SPREADING milk mixed with water on grass is something some scientifically-minded farmers are trying out to improve soil structure.
It might sound a little ‘out there,’ but milk is an organic substance and it ‘increases biological activity in the soil by feeding it’, says Leslie Dwyer.
‘Milk is a readily available food source for bacteria and may stimulate specific bacteria in the soil to grow and also release a small amount of stored nitrogen. It’s something that can be done at least once a year,’ said Leslie who is a firm advocate for challenging beliefs around traditional use of inputs to improve soil structure.
‘We’re in a new era when it comes to the knowledge that’s available to us, the research is out there, and farmers need to tap into that,’ said Leslie who is also an advocate for using foliar urea – mixing soluble urea with water to apply directly to grass to reduce nitrogen inputs.
He runs APS BioAg where he provides natural solutions to improve soil health, as well as plant and animal health. Based in Kildare, the Kerry native is passionate about working with soil biology and making the most of the resources already there.

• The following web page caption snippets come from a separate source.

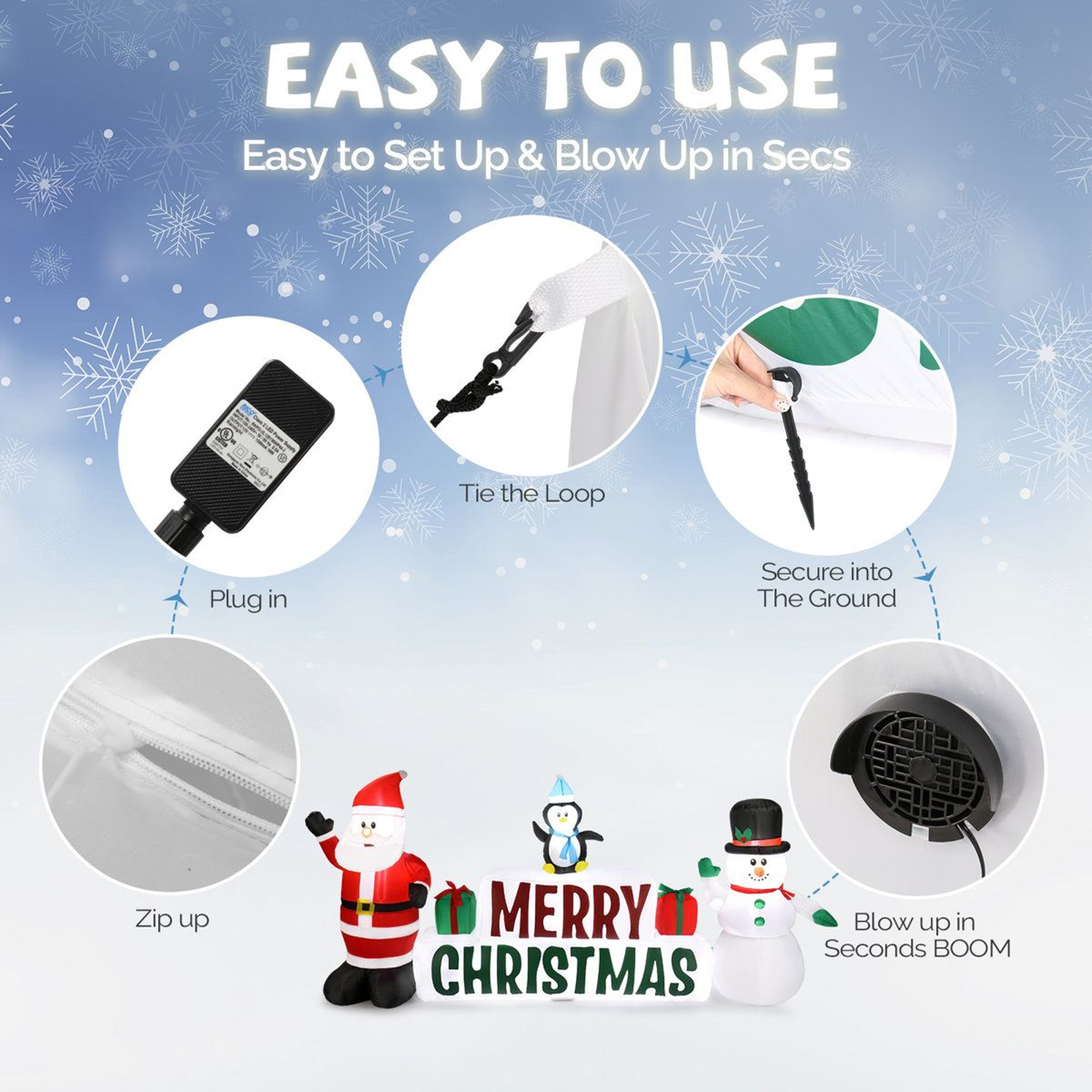 LED Lighted Santa Claus And Snowman Christmas Inflatable Outdoor Decoration 5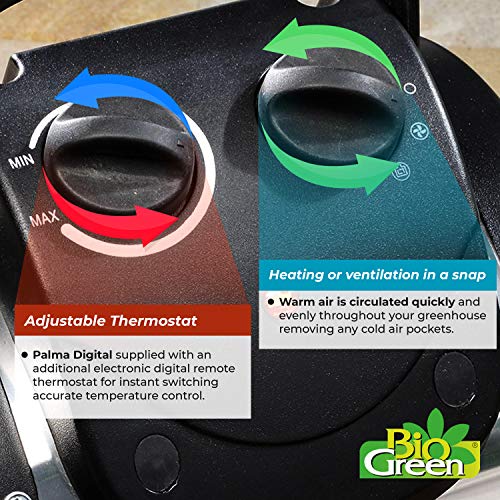 Bio Green Phx 2.8/Us Phoenix Greenhouse Heater – 220-240V - 9553 Btu Stainless Steel & Bio Green Pal 2.0/Usdt Palma Greenhouse Heater Incl. Digital Thermosta #TOP6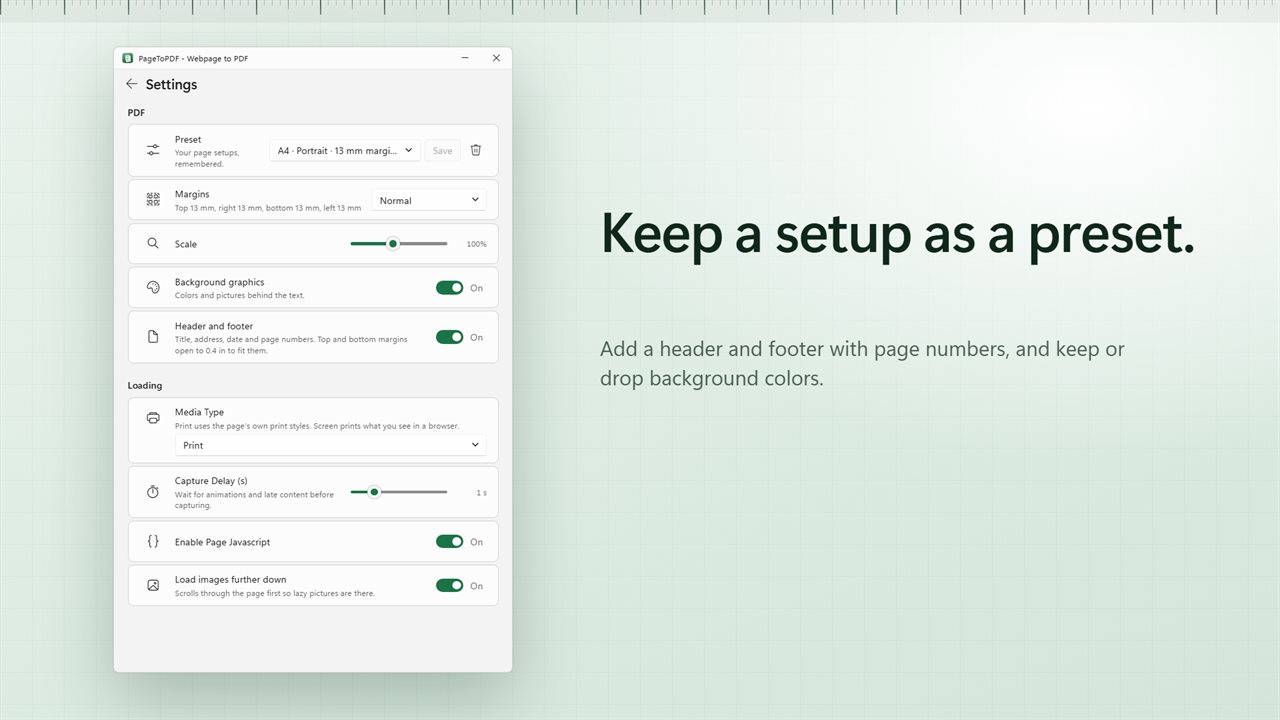 Save a setup as a preset, with a header, footer and page numbers.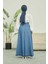 2215-DENIM Mevlana Düğmeli Etek Mavi 4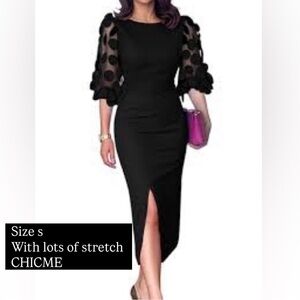 NWOT Chic Black Dress with Sheer Polka Dot Sleeves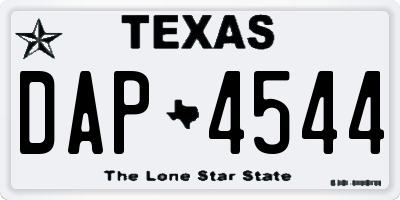 TX license plate DAP4544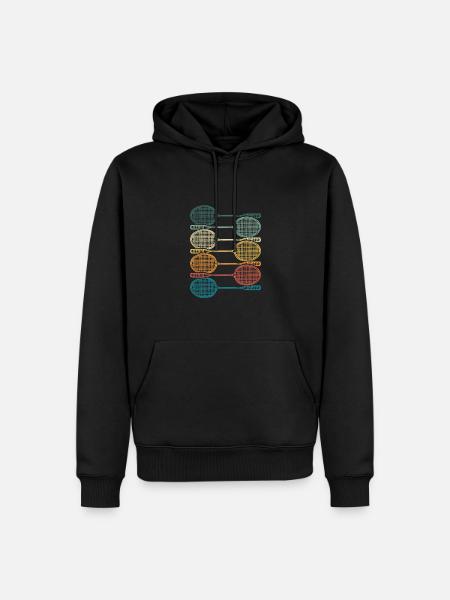 Bunte Badmintonschläger - Männer Premium Bio Hoodie - Schwarz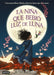 Book cover of La Nina que Bebio luz de Luna with an illustration of a girl standing on a ledge with the moon and glowing paper cranes pictured behind her.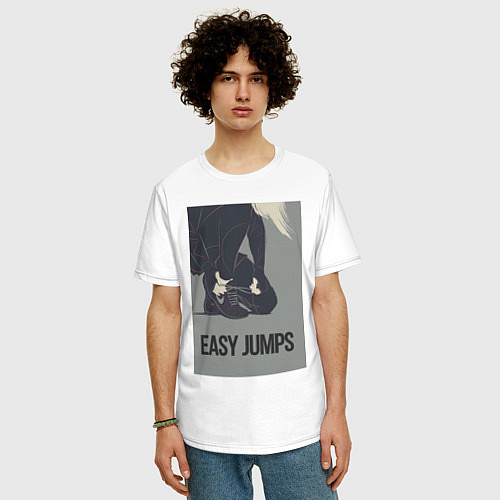 Мужская футболка оверсайз Easy jumps in boots / Белый – фото 3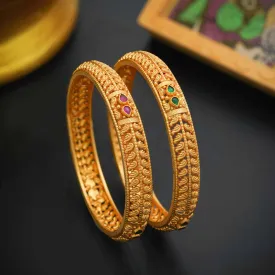 92.5 Silver Ethnic Wear Bangle With Gold Polish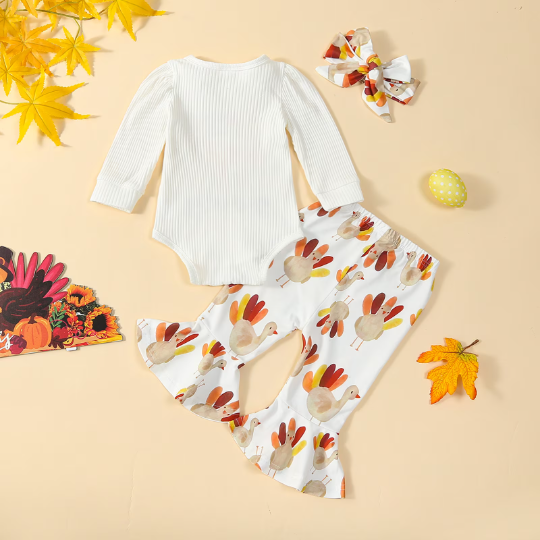 3-Piece Set | My First Thanksgiving Baby Girl Outfit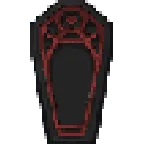 A pixel art coffin from the video game "Vampire Survivors"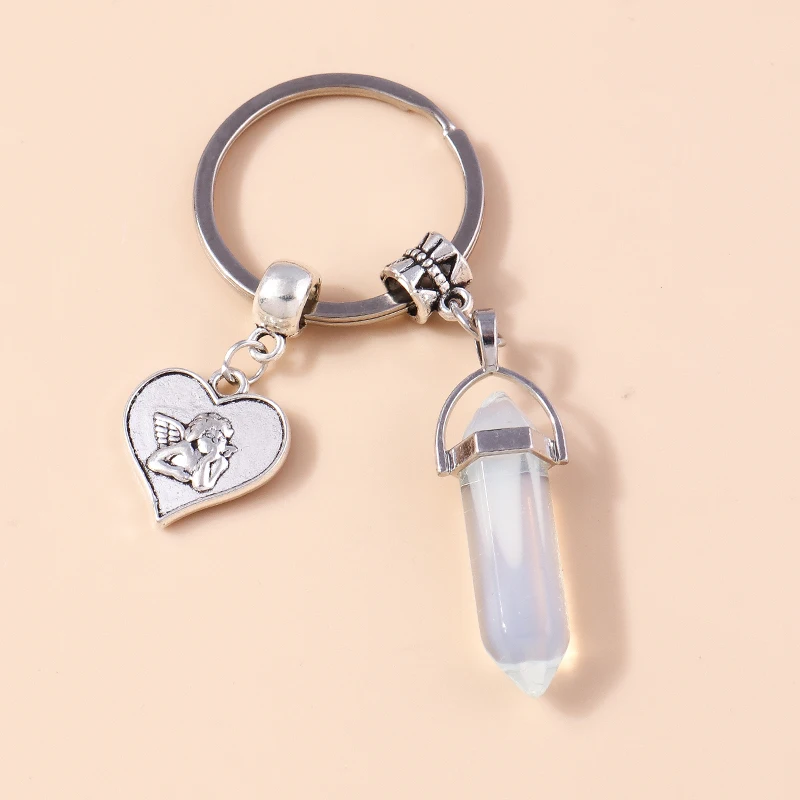 Natürliche sechseckige Säule Stein Schlüsselanhänger Frauen Männer Quarz Opal Kristall Schlüsselanhänger Auge Fatima Hand Sonne Mond Schmuck Party Geschenke – Detail 19
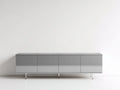 Credenza 220×45×74 cm - grigio chiaro e argento - finitura laccata con piano effetto pietra per sala da pranzo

‘For example there is an average of 1,500 kg/ha of phosphorous locked up already in top soil on grassland farms. And if chemical nitrogen and phosphorous is applied above optimum levels, the soil microbes that normally release locked-up nutrients are affected and a large percentage become dormant in the case of the nitrogen family of bacteria. For phosphorus bacteria they literally have no work to do so it’s like putting them on the dole. They become dormant, and then the cycle of the soil is disrupted and the structure starts to break down. If the base level of biology drops, worms don’t get to feed and breed, which impacts the drainage, and the land becomes poorly structured. In some cases this leaves ground more prone to water logging because water cannot infiltrate down through the soil and relies on evaporation upwards,’ he said.
Farmers tend to do what the research tells them, but Leslie points out there’s been vast research done on soil biology in the US and Europe.
‘Our forefathers were much better at this than us and we can learn by looking back at some of the techniques they had. They understood the power of the earthworm and healthy soil.’
However, he said, farmers this year are more financially motivated to try new things, since the massive price increases in fertiliser.
Leslie appreciates that a change in mindset is needed to farm like this, but he suggests trying out a biological programme on a small percentage of the farm.
Ballinascarthy farmer Jonathan Nyan has worked with Leslie and said ‘early indications look positive.’
‘We spread two of his products on grass last year and definitely saw a response. The areas where we spread stayed greener than the rest of the paddocks,’ he said.
He’s motivated by an environmental consciousness. ‘We wanted to be a step ahead with what we do, rather than trying to catch up at the last minute,’ he said.